The painting Kill the Indian, save the Man created by David Fadden (1993-2021) represents thousands of Native American children who were kidnapped and separated from their families to attend Christian missionary schools. The establishment of Indian schools came after the US government implemented policies in 1887-1943aimed at acculturing and assimilating the Indians into the American society. Christian organizations and persons were at front in this mission. Captain Richard Henry Pratt, the founder of the first Indian boarding school and author of the phrase “Kill the Indian, save the Man,” viewed it as America’s duty to civilize and Christianize the Indian savages (Barrows 52). To attain this goal, key paths were drawn.

Schools were tasked with implementing curriculums that focused heavily on the Ten Commandments (Exodus 20), the Beatitudes (Matthew 5:1-12), and the book of Psalms. Moreover, upon arrival, the children were forced to abandon their religious and cultural beliefs and adopt Christian values. For example, the children were given posters that stated, “Let Jesus save you. Come out of your blanket, cut your hair…Have a Christian family with one wife for life…Go to church often and regularly” (Grinde 4).

The violence associated with this piece is relevant to the masked utilization of the Bible’s role in justifying racism in America. To the mainstream European-American society at the time, the efforts of the government and Christian missionaries to create an inclusive America seemed noble. However, these same efforts caused anguish, fear, and pain in Native American children whose beliefs were belittled, whose families were torn apart, and whose lives in the boarding schools were marked with a physical and emotional violence- all under the guise of education and inclusion

This photograph by Cathal McNaughton captures the Tree of Life, a Jewish synagogue in Pittsburgh, Pennsylvania, and flowers dedicated to the 11 individuals killed during a Sabbath service shooting. Notable is the function of the Bible in the shooter’s purpose behind such violent act. Robert Bowers had expressed his antisemitic beliefs through several posts on Gab, a social media platform. In one post, Bowers quotes John’s gospel saying, “jews are the children of satan. (John 8:44)…the lord jesus is come in the flesh” (Dearden). While Jesus does indeed refer to Jews as being of Satan, He is refering to Jews who refuse in Jesus's teachings. Bowers, however, interprets it to mean the entire Jewish race. Moreover, before the attack, he posted that, “HIAs [Hebrew Immigrant Aid Society] likes to bring invaders in that kill our people. I can’t sit by and watch my people get slaughtered. Screw your optics. I’m going in” (Dearden).  The hatred towards Jews in America is partly rooted in the widespread stereotype that they control businesses and financial markets (Anti-Defamation League). However, Bowers’s first post suggests that the Bible has influenced the antisemitic beliefs in America.  
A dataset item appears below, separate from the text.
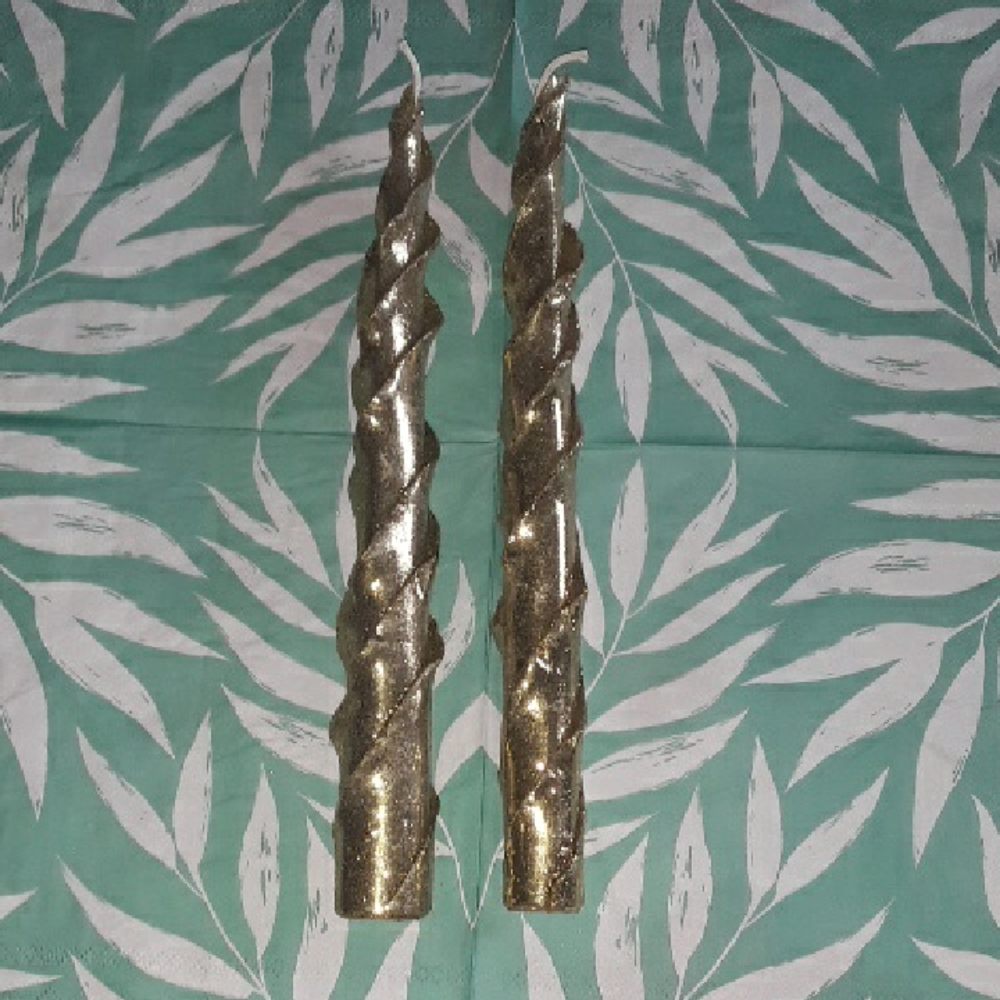 Luxurious Gold Twisted Candle Holders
Racism oftentimes is thought of as one more powerful race oppressing another. This 2018 shooting is an example of a problematic idea commonly found in antisemitic ideology challenges of “punching up.” Because Jews are more powerful, the argument goes, they cannot possibly experience bigotry or oppression. However, the idea that Jews are more powerful is one inherent to antisemitism in the first place, and is entirely false. The Tree of Life shooting is a tragic example of how Jewish Americans continue to face prejudice and religious violence. Unfortunately, due to the continued stereotyping of Jewish people as more wealthy or powerful, the idea of “punching up” persists, and these kinds of hate crimes are often minimized or glossed over, not subject to the same public moral outrage expressed in the wake of similar crimes against other minorities.